The vulnerabilities of GPS make the need for BPS undeniable. Dr. Jeff Sherman, supervisory physicist at the National Institute of Standards and Technology (NIST), explained, “Unfortunately, it’s become very clear that there are vulnerabilities of relying on GPS or generally GNSS (Global Navigation Satellite Systems). Because of its ubiquity, GPS has been adopted in many critical industries from telecommunications, energy distribution, transportation sector and finance, but the reality is that GPS and GNSS signals are unfortunately very weak when received at Earth’s surface and that makes them trivially jammable, even by accident.”
Sherman added, “A study was done commissioned by NIST (National Institute of Standards and Technology) that determined that a 30-day outage of GPS would result in something like $1 billion of day loss to the U.S. economy, 50% of which alone is in the telecommunication sector. So clearly GPS and GNSS have found a niche use in a lot of critical industries, but the need for alternatives is growing in awareness.”
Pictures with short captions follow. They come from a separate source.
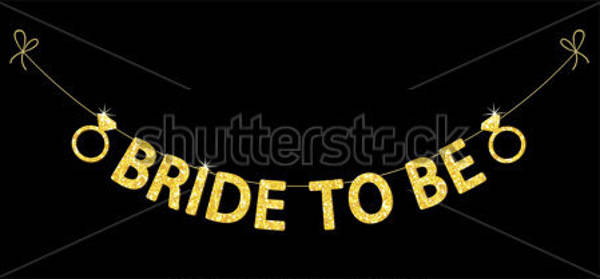 Black and Gold Bridal Shower Banner Example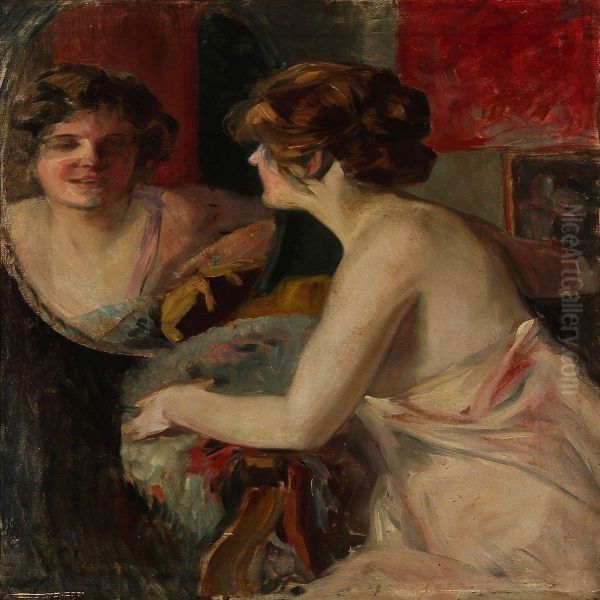 A Woman Looks In The Mirror - view 1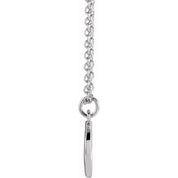 14K White Initial O Dangle 18" Necklace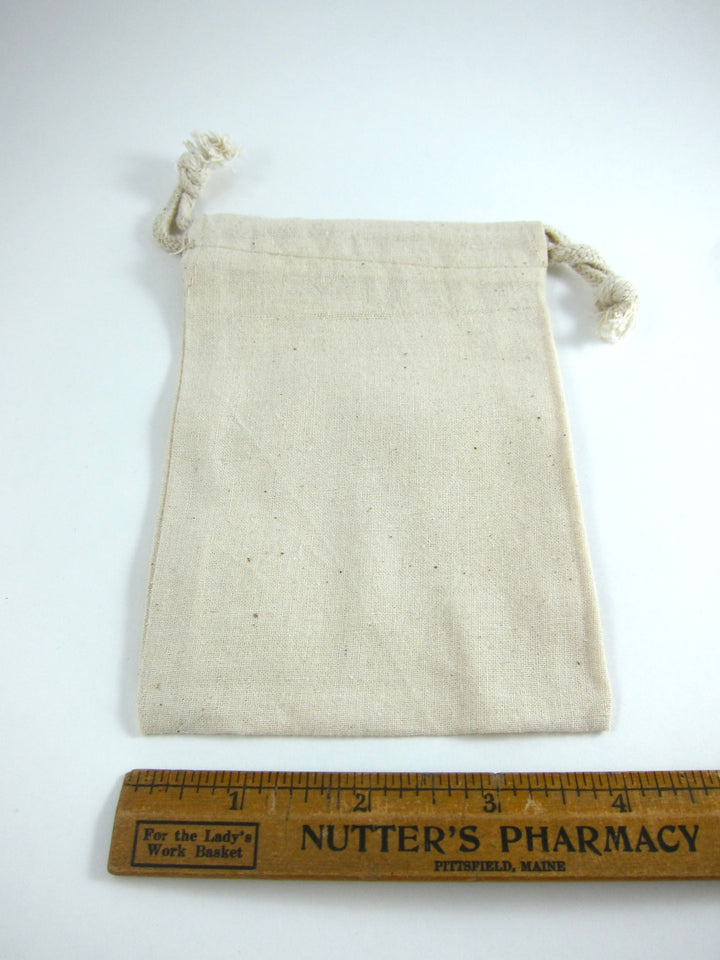 Cotton Muslin Pouches | Medium Drawstring Cotton Bags (4"x 6") Bags - Snuggly Monkey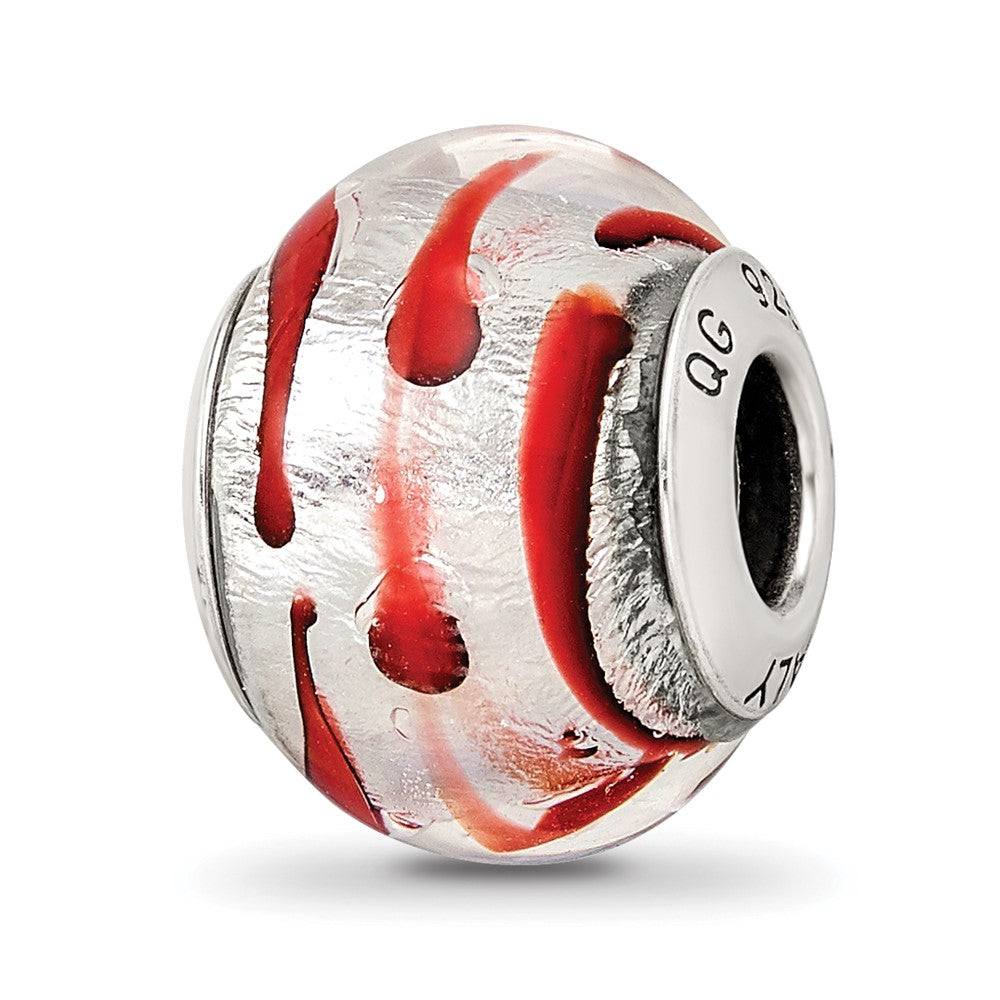 Sterling Silver Reflections Silver/Red Italian Murano Bead, 13.64 x 10 mm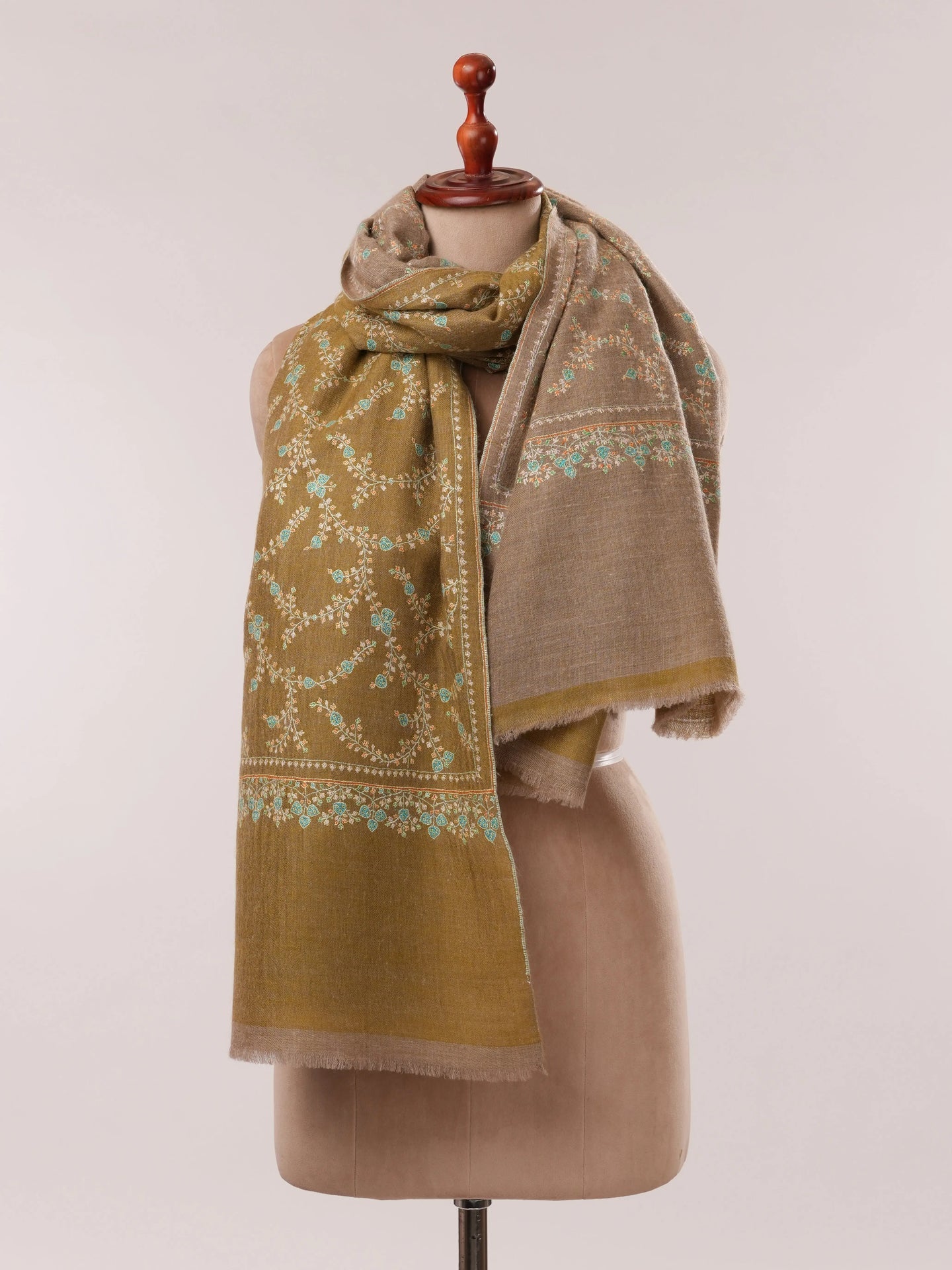 Soft Grey and Natural Taupe Dual Tone Pashmina with Hand Embroidery Shahkaar.com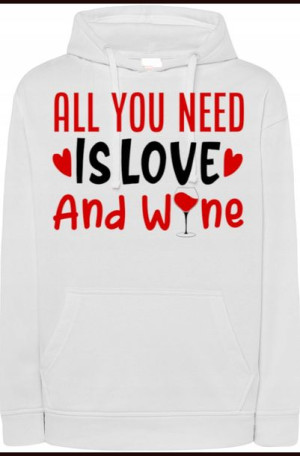 Wine and Love Walentynki Bluza Kaptur r.M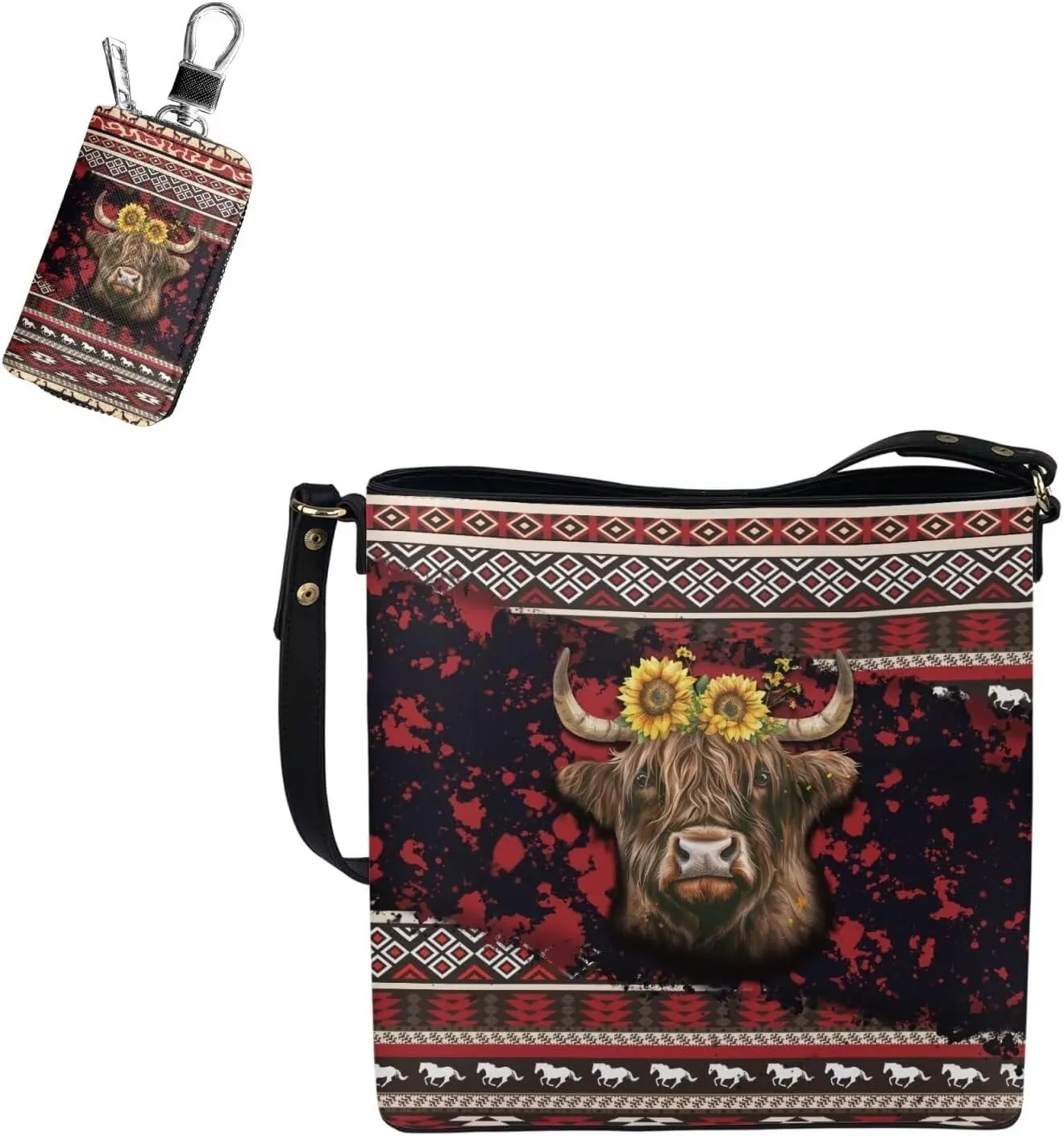 Messenger Bag for Women Crossbody Boho with Leather Car Remote Key Case Cover Set of 2 Bucket Style Tote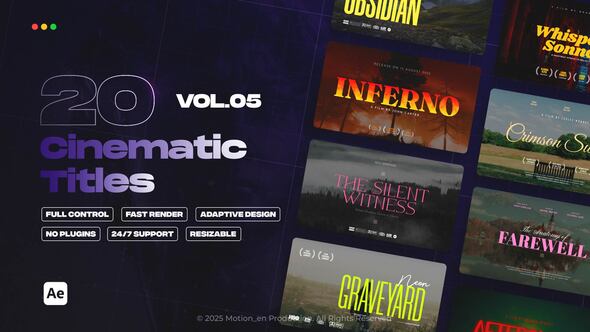 Cinematic Titles vol.05 | After Effects Titles template preview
Sherman also described BPS as a practical and highly resilient alternative, noting, “The greatest strength, though, is that the transmission infrastructure is already built and being operated by television broadcasters across the country at very high radiated power with large tailored coverage area, and the propagation mode is largely line of sight, which is excellent for a time or position system, because of the high power, it is very impractical to imagine jamming or spoofing television transmissions over a wide area.”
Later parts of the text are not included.